被害者

みなさんは、「被害者は誰だ?」というゲームを知っているだろうか?お楽しみ会などでやると必ず盛り上がるゲームで、観客の中から何名か前へ出てもらい、いっせいに何かを食べてもらうやつだ。中に異物を隠しやすい食べ物が良いとされていて、それは、シュークリームであったり、サンドウィッチであったりし、そのうちの一つだけに当たりというか、外れのカラシやワサビが入っているやつで、いっせーのせーで食べた人たちには出来るだけ平気な顔をしてもらい、被害者が誰なのかを観客に当ててもらうやつだ……んもうっ、みなまで言わなくったってみんな、知ってるでしょうが。要するにロシアンルーレットだね。おほほほ。

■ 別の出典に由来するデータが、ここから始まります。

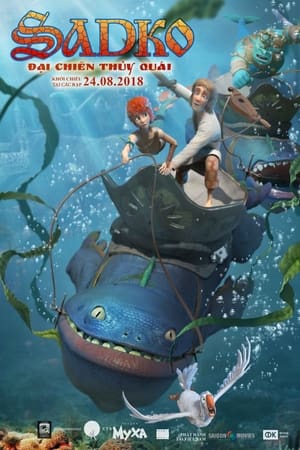 Sadko: Đại Chiến Thủy QuáiHình bìa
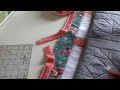 Cómo lograr un ribete perfecto en nuestros trabajos de Patchwork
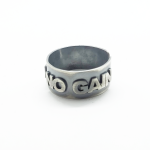 Anillo Crossfit "No pain no gain"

さて、僕たちが子供だった頃、町内子供会で行うクリスマス会が、毎年僕の家の前にある自治会館で行われていた。そこでは、学年ごとに出し物をするのだけど、いつも六年生が「被害者は誰だ?」をやるという、なんとなくの習わしみたいなところがあったので、六年生になった僕らは当然のごとくその出し物を選んだ。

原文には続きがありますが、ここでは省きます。